With a groan Ralph fell back against the wall. His fingers splayed across his cheek, blood seeping between them. Balthazar stared, remorse welling up in him like panic; then turned and flung the door open.

“No!”
shouted Ralph.

Framed within the door’s opening was the landscape of a dream: a corrugated expanse of hills bare of any trees, their summits crowned by stone ruins and overgrown with yellow-blooming gorse and tiny, thorn-spun roses. Overhead the sky was dark gray, swept with clouds that scudded toward the western horizon, showing gashes of soft blue between them. Then the clouds dispersed and all melted into an endless vista of indigo ocean, its surface scarred by white cresting waves. Birds wheeled overhead, and there were bees in the flowering gorse; but the scene was utterly silent, a vivid film with the sound turned off. From where he stood in the doorway, Balthazar gazed upon it as though poised on a neighboring hilltop.

“In nubibis,”
he whispered, and stepped through the portal.
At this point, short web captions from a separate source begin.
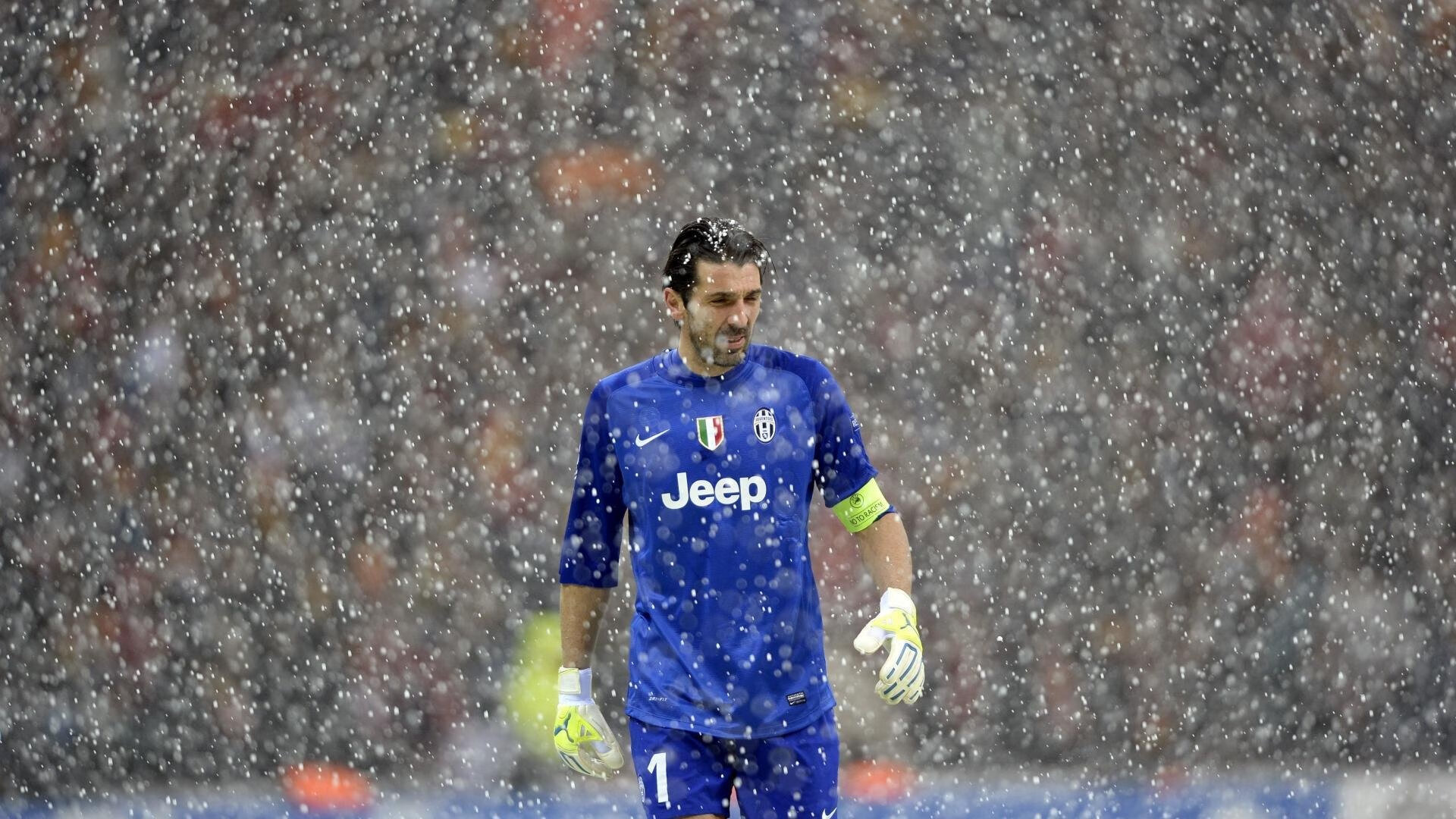 “宽板滑水：东三叉湖赛场让水面上的挑战更具视觉冲击力”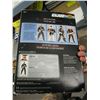 Image 2 : ASIAN INSPIRED HOURSDOURVE PICK HOLDER & G.I. JOE COLLECTOR DOLL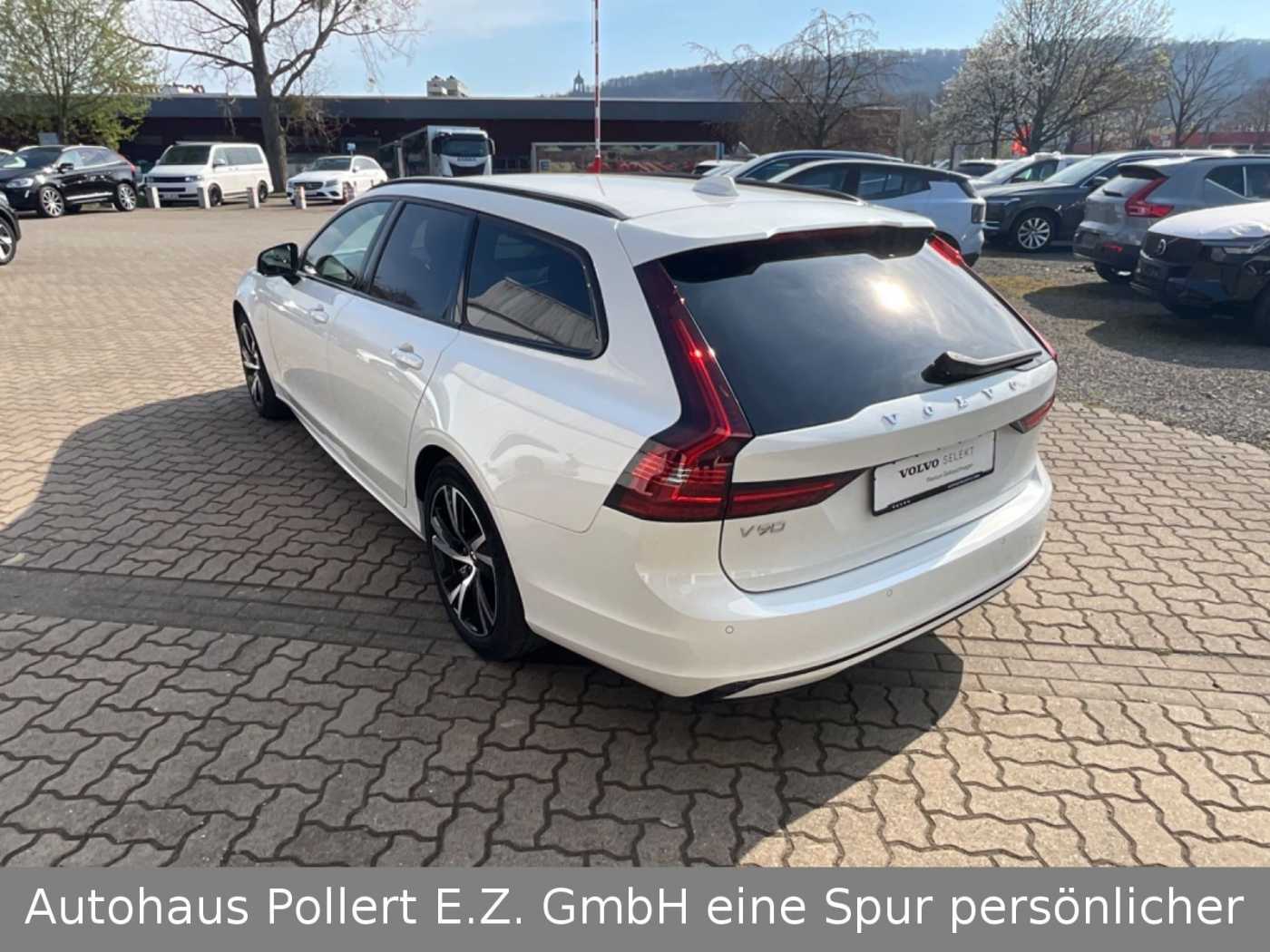 Volvo  Kombi R Design Recharge Plug-In Hybrid AWD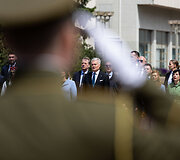 Valstybės vėliavos pakėlimo ceremonija Nepriklausomybės aik&scaron;tėje, Gedulo ir vilties bei Okupacijos ir genocido dienoms atminti
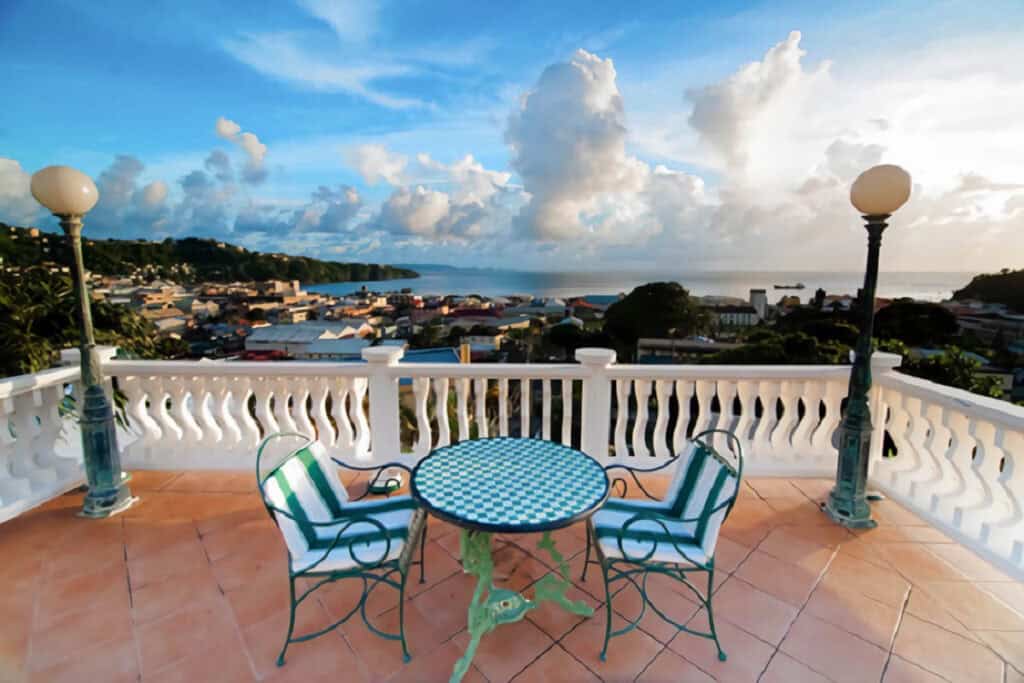 terrasse avec vue sur la mer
A sickening instant in which he seemed to plunge, his head roaring and the wind raking his face. Dimly he was aware of a voice shouting, the dulled sensation of something tugging at his hand as at an anaesthetized limb. Then there was a smell of salt and wet granite, the pounding of waves against the cliffs and the unbearably sweet, high-pitched cry of a linnet. Balthazar stumbled upon the rocky ground, caught himself, and straightened.
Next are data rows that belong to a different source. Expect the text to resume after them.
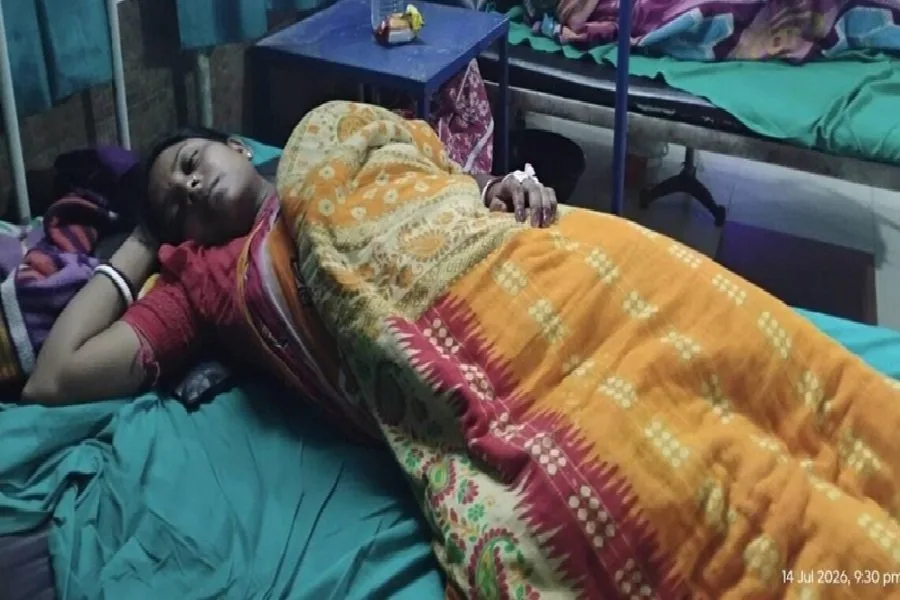 पटमदा में वज्रपात से महिला बेहोश, निजी अस्पताल में इलाज जारी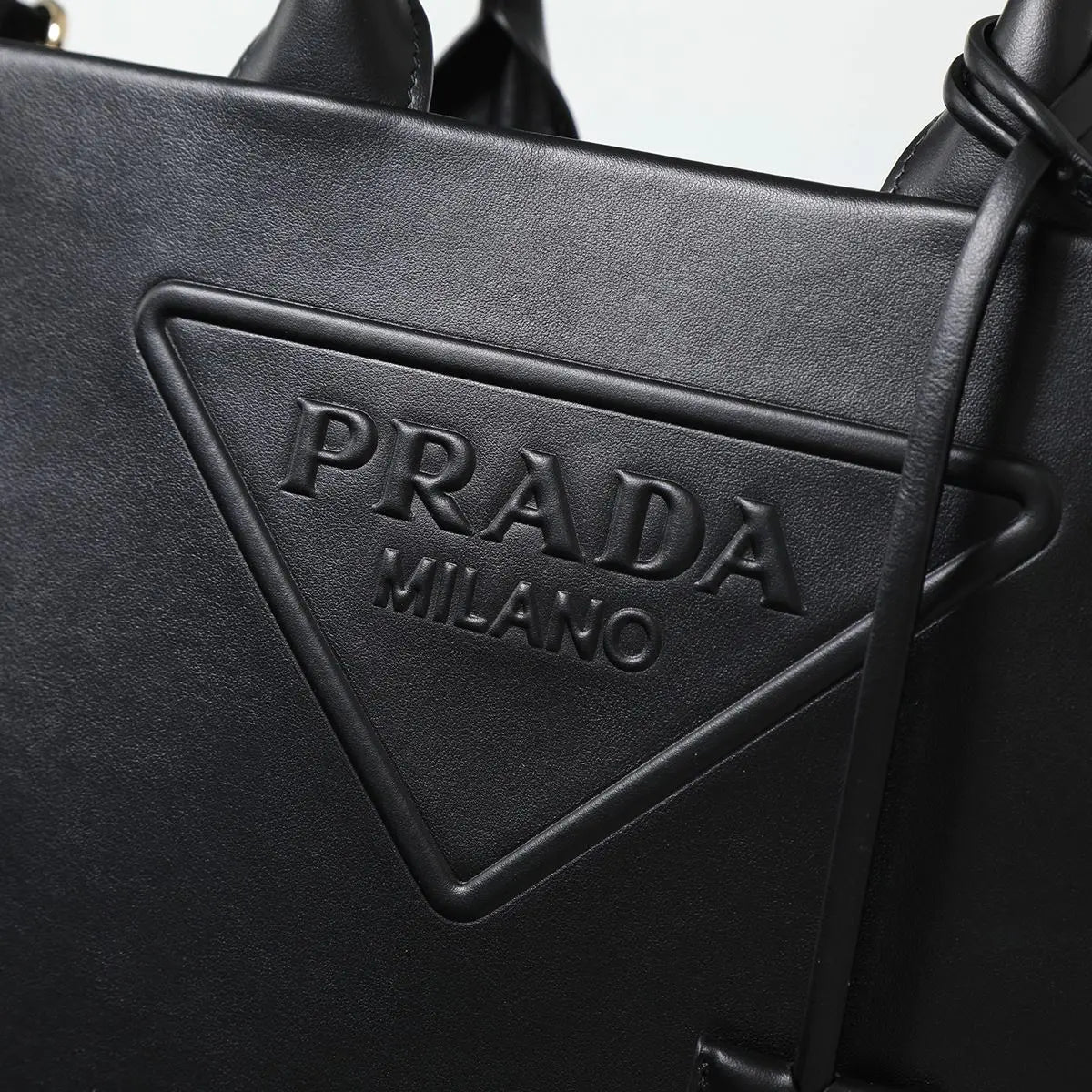 PRADA トートバッグ 1BA376 ASK エンボスロゴ SOFT CALF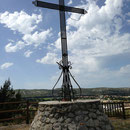 Calvaire sur la crête de la cuesta des Pennes
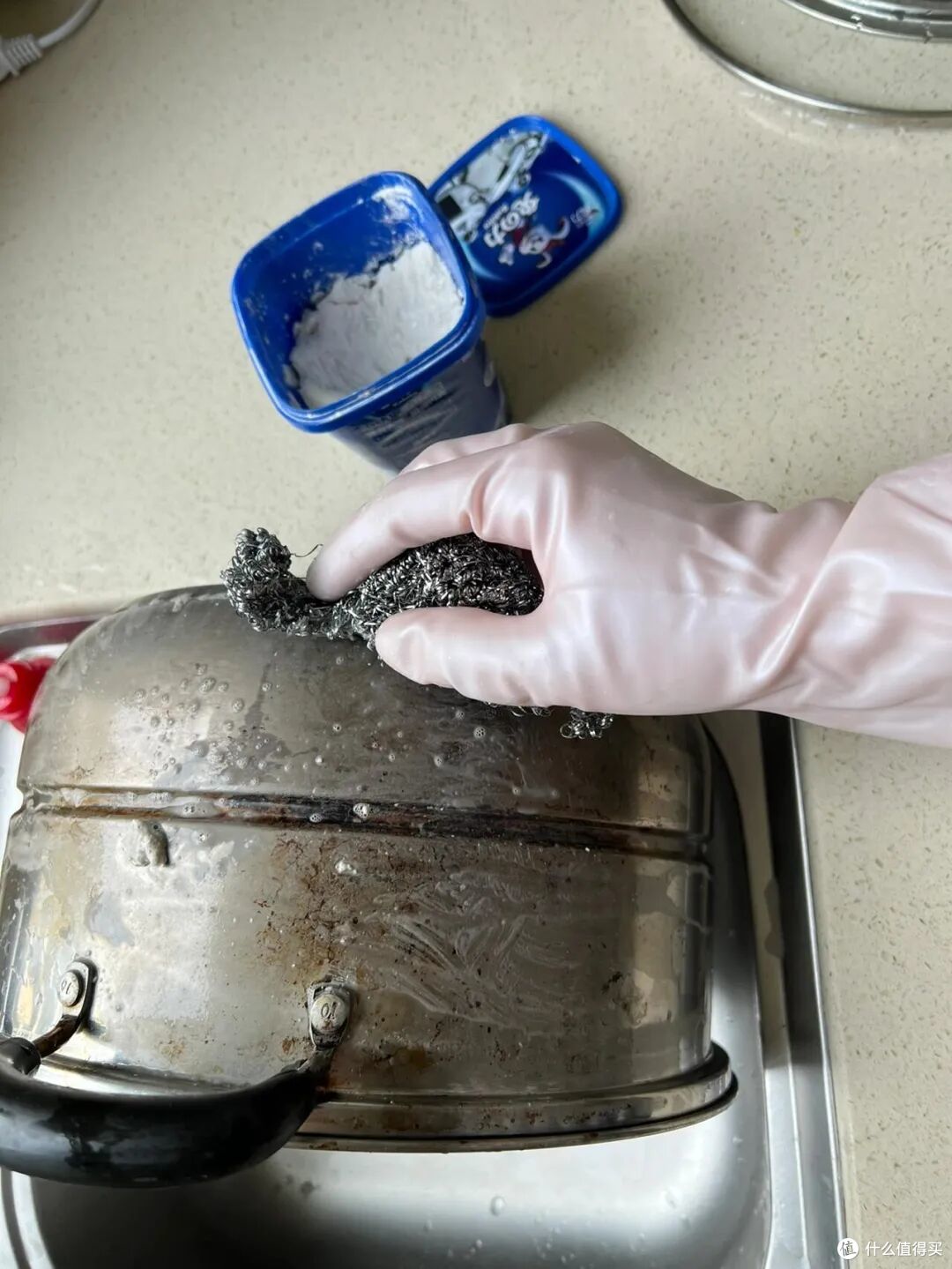 “邪修大法”做家务就是快!一分钱不花,家里就窗明几净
He stood upon one of the tor-capped hills crowding the westernmost point of Cornwall. Maps showed the place as West Penwith, the peninsula that toed into the Atlantic at Land’s End. But the Benandanti had another name for it:
Affon,
the land between. Affon stretched here but also at myriad other spots across the globe. Places that existed both within and without of time, places that the Good Walkers had created and stood guard over for countless millennia; places where they watched, and waited, and prepared for the great conflict that had been building over the entire history of their world, and others.
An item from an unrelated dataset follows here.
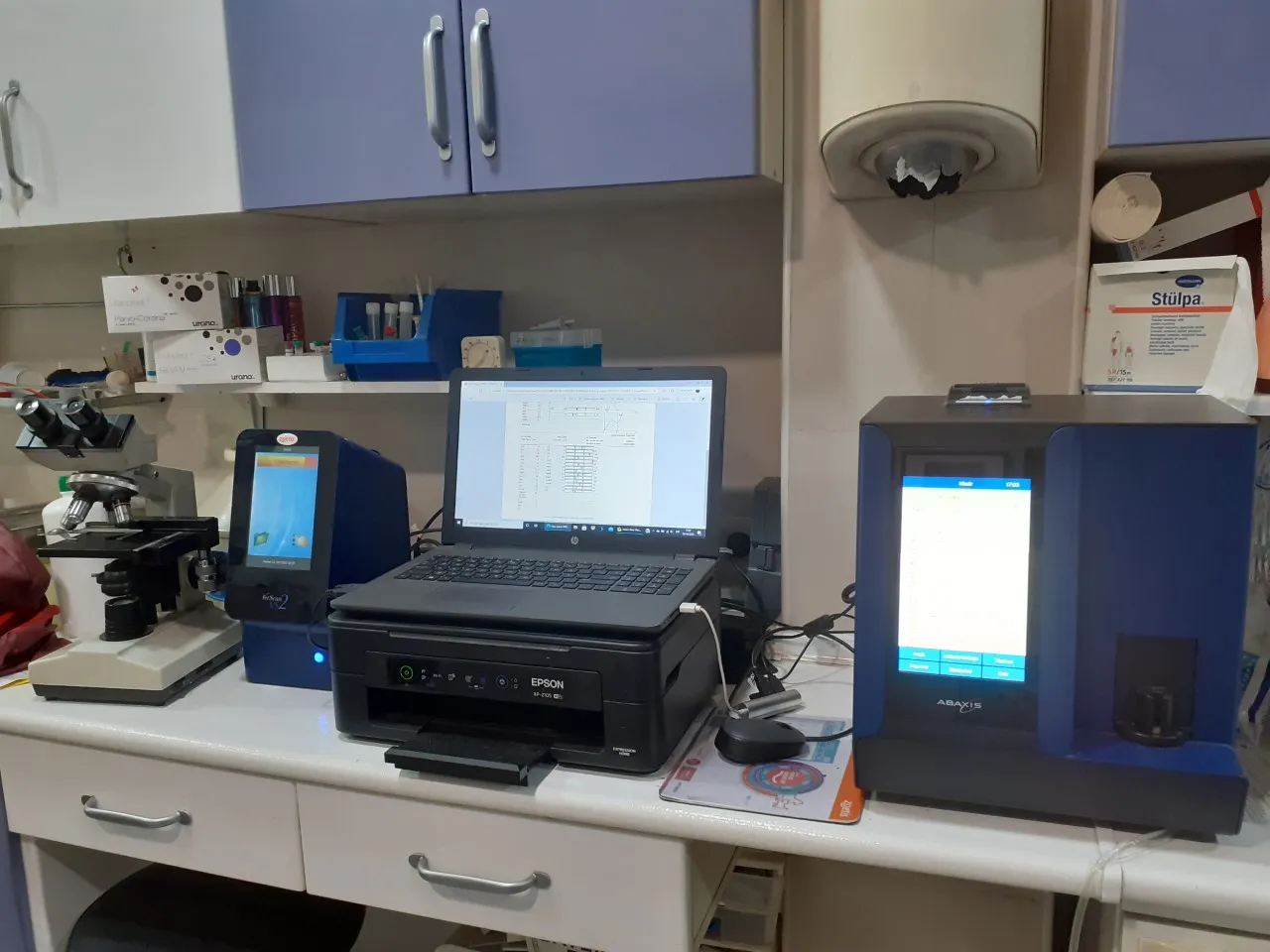 Equipo de análisis clínicos veterinarios digitales en Clínica Veterinaria Herreros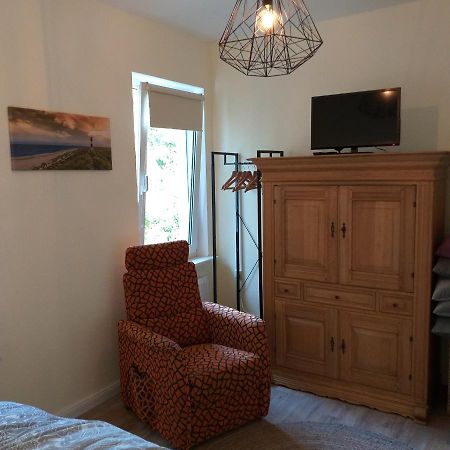 Friesenauster - Grosse Ferienwohnung Fuer Bis Zu 6 Personen Jever Luaran gambar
Penwith was one such place. The Orphic Lodge in West Virginia was another, and the University of the Archangels and Saint John the Divine a third. The rest were scattered throughout the world that the Benandanti and their enemies had shaped: in the Aegean and Anatolia, across the subcontinent and the vast Eurasian steppes; in London and Rome, amidst the ruins of the ancient Dravidian cities of India and Pompeii. Any place where the ancient gods of the earth had walked and been worshipped, in Crete or along the Ganges, in Siberia or the Orkneys—there the Benandanti had built their own temples and places of learning, their banks and basilicas and steel-lined bunkers. All were linked by the Benandanti’s portals, each bearing the Benandanti’s motto—
Omnia Bona Bonis
—in carven script or hidden cantrip. If you were to look at a map of the world the Benandanti had made, it would be webbed with these portals and the occult paths between them, the way a lacquered globe can be webbed with cracks. And in the same manner that the globe will break, its veneer shatter, when the cracks overtake it, so the Benandanti had shaped their assault upon the old world and old gods that had preceded their own: by stealth and manipulation, thievery and coercion, auto-da-fé and conversion.